Tuesday, October 23, 2012

Technology Marches On

When softsubbing first became possible and then fashionable, it involved a number of compromises. Fancy sign typesetting wasn't really doable, and elaborate karaokes seemed to go the way of the dinosaur. The technology for elaborate typesetting, and the performance of softsubbed playback, simply wasn't there.

Well, time marches on. PCs have become powerful (I write this on a quad-core i5 that spends 99.9% of its time doing nothing). More importantly, the software for typesetting and subtitle playback has improved considerably. As a result, sign typesetting is approaching the glory days of hardsubbed AFX signs, and complex karaokes are rising from their graves.

For typesetting, the key development has been the use of motion tracking software, combined with automated frame-by-frame transforms of a base sign based on the tracked motions. This allows frame-by-frame typesetting of signs that move in non-linear ways, with none of the hassle associated with the manual process. Back in 2009, I set a 50-frame moving sign in Orphan's Hand Maid May by hand, and it took me hours, with manual computation of the position deltas between frames. I did a similar effort with a non-linear sign in Orphan's Space Neko Theater; after that, I swore off the practice. But with new software technology, it's no longer necessary.

The motion tracking software is based on the sorts of techniques used in motion-capture special effects. After designating an initial set of points to be tracked, the software follows the image (in this case, a sign) through subsequent frames, generating coordinates. Those coordinates feed an Aegisub automation script that applies the coordinate changes (including changes in angles) to an initial typesetting specification. The result is a frame-by-frame sign that accurately tracks the motion on the screen.
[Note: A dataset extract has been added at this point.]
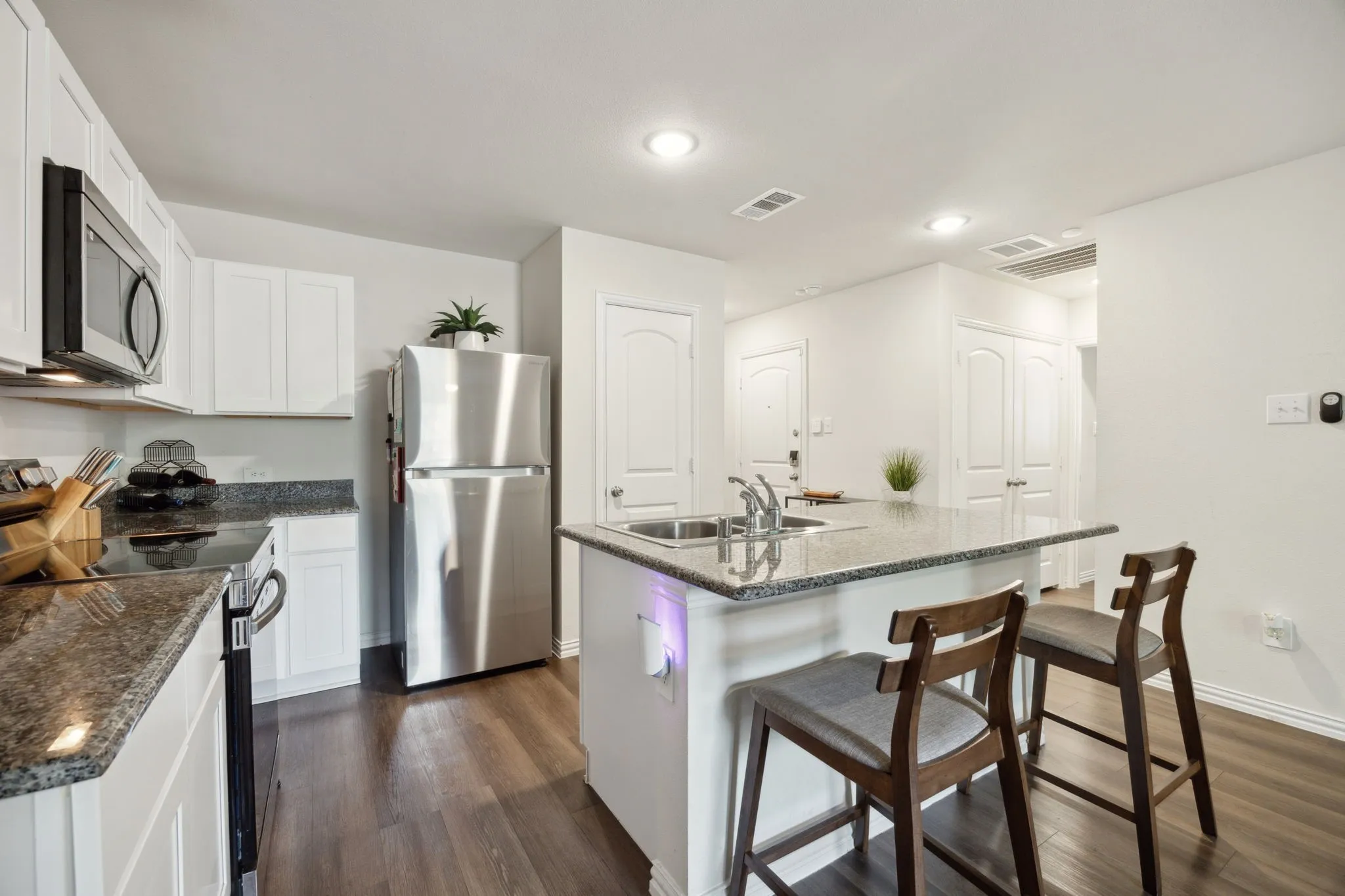 Single Family Residence For Rent in Dallas County , 2326 Harding Street, Dallas, Texas 75215, 3 Bedroom, 2 Bathroom, 2 Garage spaces, 1,068 Sqft, built in 2022, mls#21304187, Real Estate Agent in Dallas, Homes For Rent in Dallas county, Homes For Rent in Dallas, Realtor in Dallas Texas, Real Estate Brokerage Independent Realty Texas, Luminita Cordes Realtor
Complex softsubbed karaokes are a more recent development. When Polished released a DVD version of Tokimeki Memorial a few years back, the initial version, which emodied C1's hardcoded karaoke in the script, simply wouldn't play. Polished had to redo the scripts with a simple, line-timed karaoke. The problem wasn't the speed of PCs; it was the subtitle rendering software, vsfilter, which suffered from a number of design bottlenecks. Recently, the community became sufficiently fed up to code up a replacement, called xy-filter, which is significantly more efficient.

I saw this in action with the recent DVD redo of Rescue Wings. When topf(h) added the typesetting, he simply incorporated the Ureshii karaokes verbatim — even though some of them to thousands of lines. With xy-filter, they play back as smooth as butter on almost any modern machine. Now fancy karaokes are making a comeback. GotWoot's opening for the season's hit show, Magi, runs to 6500 lines. I'm sure more will follow.

These developments will not be without their detractors. Viewers with old PCs will be in trouble. Non-techies will have difficulties in figuring out how and where to install xy-filter. As with the advent of the MKV container, replacing OGM; of h.264, replacing XviD; and 10-bit encoding, replacing 8-bit; the fansub community will by and large ignore them. One hopes that recoders (who typically change the original format to MP4 for playback on tablets and phones) can provide relief to technology laggards.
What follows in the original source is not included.